Hi, I’m trying to log metrics only on epochs, but it doesn’t seem to work as intended.
Here is my code:
class StackedLSTM(pl.LightningModule):
...
def forward(self, x):
out, _ = self.lstm1(x)
out, _ = self.lstm2(self.dropout(out))
logits = self.fc(self.dropout(out))[:, -1]
return logits
# custom logging function that I use for train/valid/test
def log_metrics(self, loss, y, probas, stage):
acc = accuracy_score(y, probas > 0.5)
ap = average_precision_score(y, probas, average='weighted', pos_label=1)
f1 = f1_score(y, probas > 0.5, average='weighted', pos_label=1)
auroc = roc_auc_score(y, probas, average='weighted')
self.log_dict({
f'{stage}_loss': loss,
f'{stage}_acc': torch.tensor(acc),
f'{stage}_ap': torch.tensor(ap),
f'{stage}_f1': torch.tensor(f1),
f'{stage}_auroc': torch.tensor(auroc)
}, on_step=False, on_epoch=True, logger=True)
if stage == 'test':
return acc, ap, f1, auroc
def training_step(self, batch, batch_idx):
x, y = batch
logits = self(x)
probas = torch.sigmoid(logits).detach().cpu().numpy()

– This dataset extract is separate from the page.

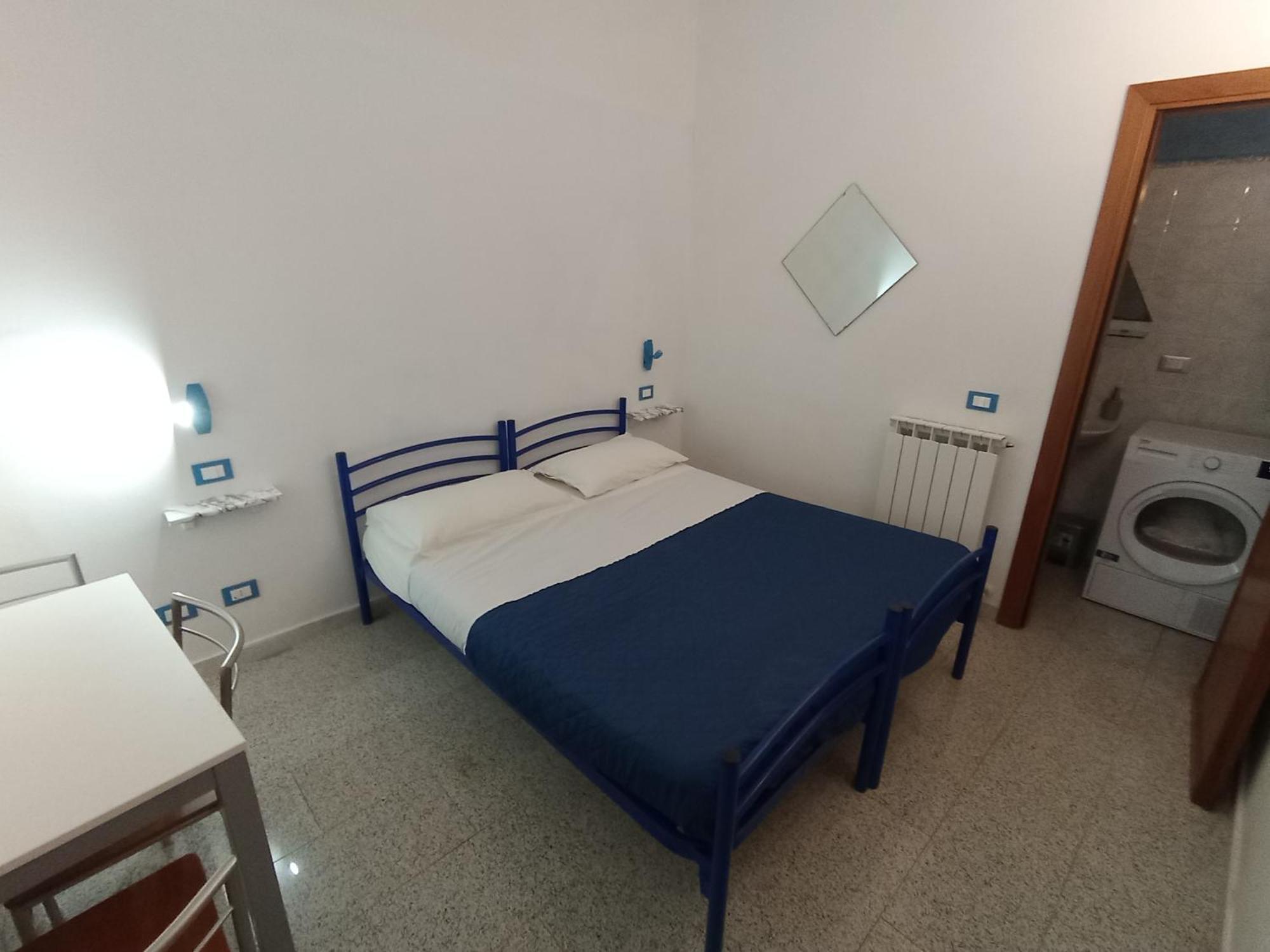Casa Vacanze ריומאג'ורה מראה חיצוני תמונה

_y = y.detach().cpu().numpy()
loss = nn.BCEWithLogitsLoss()(logits, y)
self.log_metrics(loss, _y, probas, stage='train')
return loss
def validation_step(self, batch, batch_idx):
x, y = batch
logits = self(x)
probas = torch.sigmoid(logits).detach().cpu().numpy()

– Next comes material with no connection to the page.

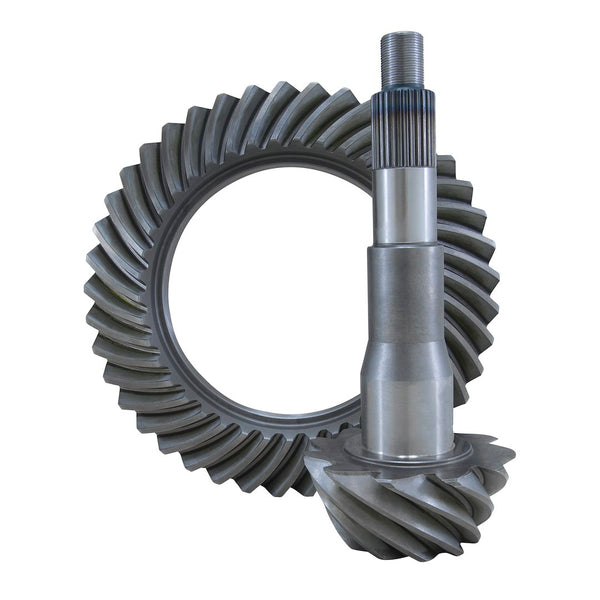 Yukon Differential Ring And Pinion (MPN: YG F10.25-488L)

_y = y.detach().cpu().numpy()
loss = nn.BCEWithLogitsLoss()(logits, y)
self.log_metrics(loss, _y, probas, stage='valid')
return loss
def test_step(self, batch, batch_idx):
x, y = batch
logits = self(x)
probas = torch.sigmoid(logits).detach().cpu().numpy()
_y = y.detach().cpu().numpy()
loss = nn.BCEWithLogitsLoss()(logits, y)
acc, ap, f1, auroc = self.log_metrics(loss, _y, probas, stage='test')
cm = confusion_matrix(_y, probas > 0.5, normalize=None)
return {'acc': acc, 'ap': ap, 'f1': f1, 'auroc': auroc}, cm
def test_step_end(self, outputs):
self.results = outputs
def configure_optimizers(self):
optimizer = torch.optim.Adam(self.parameters(), lr=self.hparams.learning_rate)
return optimizer
I define my own log_metrics
function and call it in different stages. When I run this, although I specify on_step = False
and on_epoch = True
, the logging happens for each step. It only works correctly when I pass the full dataset as a batch (1 batch = epoch).
Am I missing something here? I’d much appreciate any help!